Where it makes sense

Aaron Alpeter, founder of Izba Consulting, said the key use case for Amazon’s shipping and fulfillment services is direct-to-consumer brands that already do a majority of their business on Amazon. And it’s unlikely that a customer would just use Amazon for a single part of the journey — like freight shipping — without also using Amazon’s fulfillment network. That combination could make them a “formidable competitor” to existing businesses, he said. 

“They’re going to do a great job, regardless,” he said. “But that doesn’t mean that they’re the right fit for everybody.”

Alpeter said companies that want a more direct line to their warehouse or freight partner may prefer using a smaller company. And packing through Amazon may not be a fit for premium brands that use unique packaging, highly personalized multi-SKU shipments or high-touch delivery services.
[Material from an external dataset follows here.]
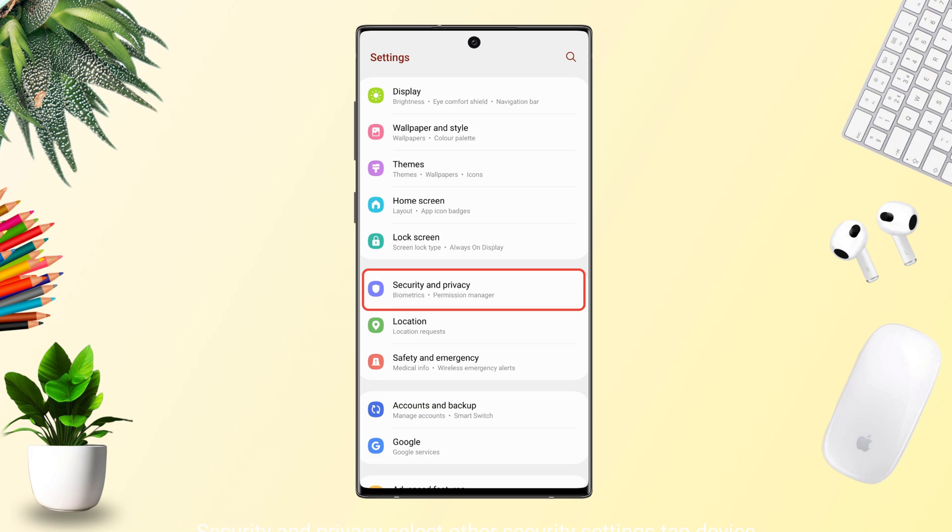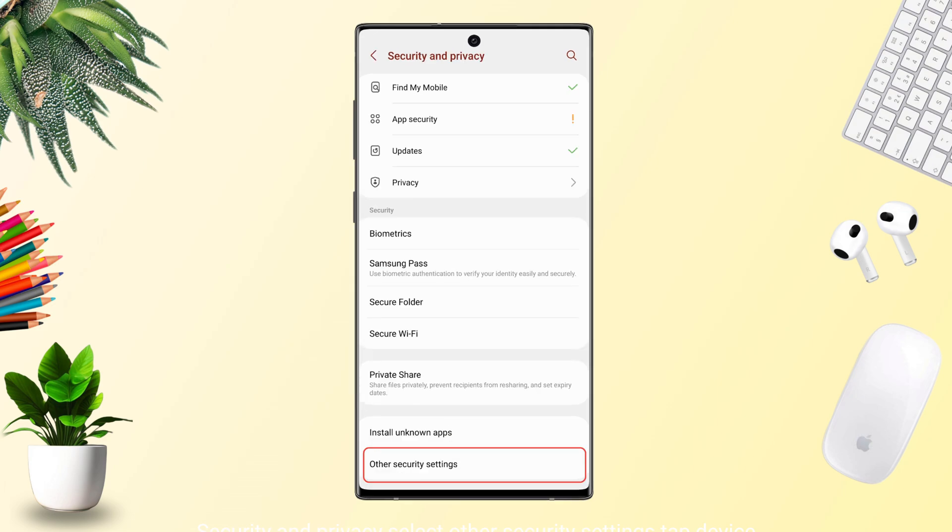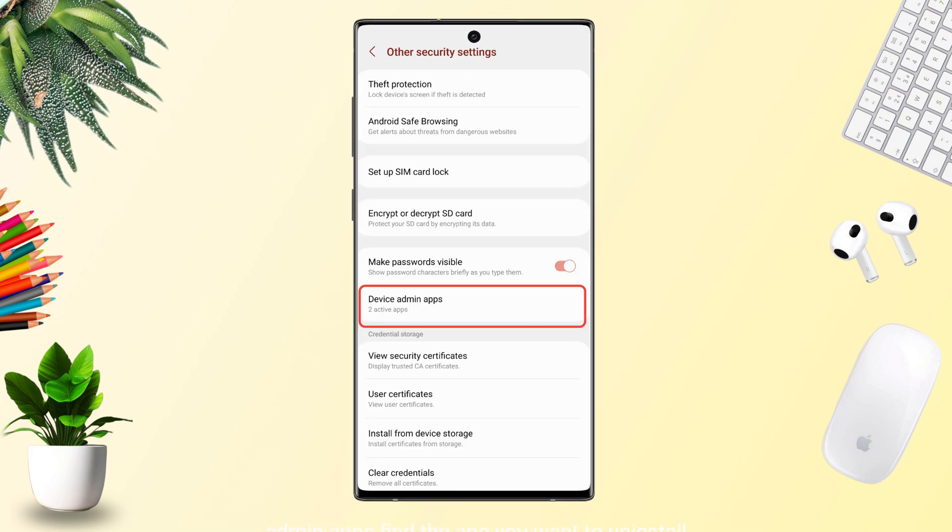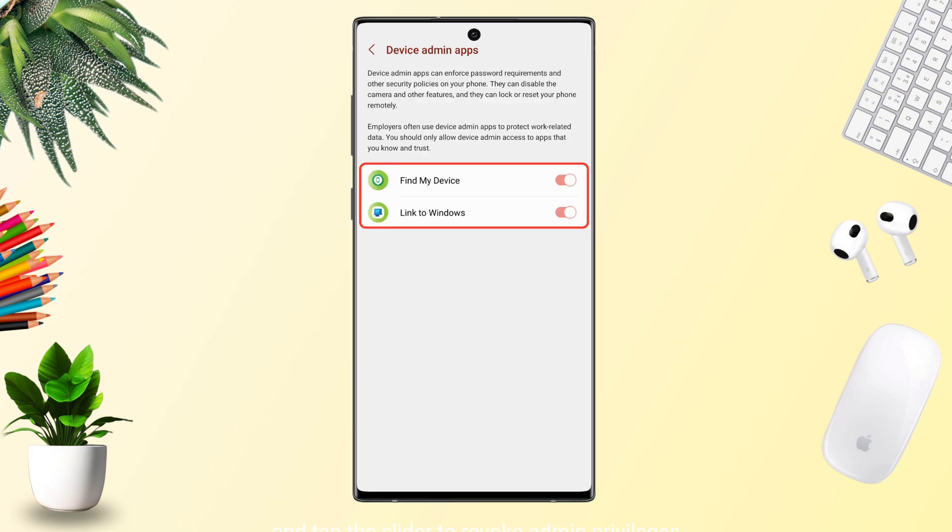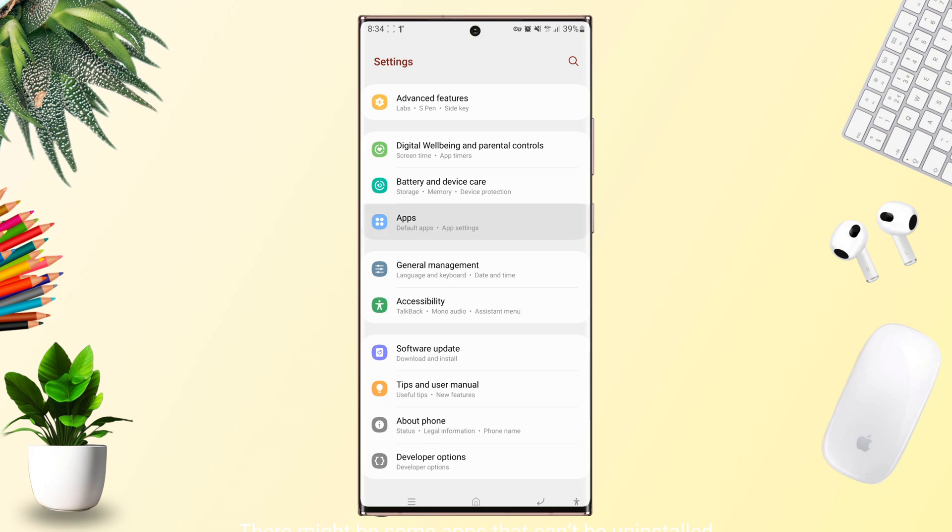Open Settings. Go to Security and Privacy, select Other Security Settings, tap Device Admin Apps, find the app you want to uninstall, and tap the slider to revoke admin privileges. Head back to Settings, go to Apps, find that app, and uninstall it.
“What’s left for traditional 3PL is complex multi-pick,” he said. 

But for less complex operations, Alpeter said Amazon could truly dominate.

“When it comes to just putting a label for a single item in a box, there is probably nobody, certainly in North America, that is better at doing that one thing than Amazon is,” he said. 

An uphill battle for share dominance

Hertz from Third Person said that, while he has spoken to brands considering Amazon Supply Chain Services, there will be competition to contend with. Some operations may be priced lower than Amazon’s, Hertz said, and some customers will want a more specialized experience.

Some may also be wary of putting their products in the hands of a business that has its own marketplace to run, he said. During Covid-19, for instance, many sellers of non-essential goods had to switch to doing their own fulfillment instead of leveraging Fulfilled by Amazon.

“While they trust Amazon, I think they’ll continue to view Amazon with a dose of skepticism,” Hertz said. “They’re the big behemoth.”

The week in tariffs

  • The U.S. Court of International Trade on Thursday found that President Donald Trump’s latest 10% tariff on most U.S. imports was unlawful, a decision that further limits how the president can enact such duties without Congressional approval. The 10% tariff was announced after the U.S. Supreme Court ruled the president didn’t have the authority to levy tariffs under the International Emergency Economic Powers Act. As The New York Times reports, the administration is likely to appeal the latest decision. 
  • Speaking of IEEPA, the first round of tariff refunds from those payments is set for May 11. But as CNBC reports, companies are unlikely to turn these into refunds to consumers due to higher costs. Further, companies are still flagging tariffs as negatively affecting their earnings. 

What we’ve covered

Target’s new supply chain center could be the first of many

Last week, Target opened its first “receive center” in Houston, which is a new kind of facility in its supply chain network. The facility will mostly house imported products — often seasonal, bulky or tough-to-forecast items — so they don’t take up space in distribution centers.

MR’s Mitchell Parton reports that the facility is a pilot for the company to understand whether it came up with the right design and automation for the facility, and whether it works as expected.

“Once we use this as a test site, we’ll start to decide, ‘Is this going to be a future strategy for us?’” Sousan Ortega, Target’s svp of field replenishment, global supply chain and logistics, told Modern Retail.

How Ace Hardware built its employee AI assistant

Ace Hardware recently deployed a new AI assistant called “Hey ARMA” that can help store associates provide product information, give project recommendations and compare products. 

But like many companies, Ace first had to weigh whether to build a tool in-house or find an outside software vendor to do so.

Andy Enright, svp of retail strategy and operations at Ace Hardware, told Modern Retail the company initially thought about partnering with a third-party developer. But it ultimately saw more value in building an AI team internally to create the tool from scratch, while leveraging third-party large language models and existing data.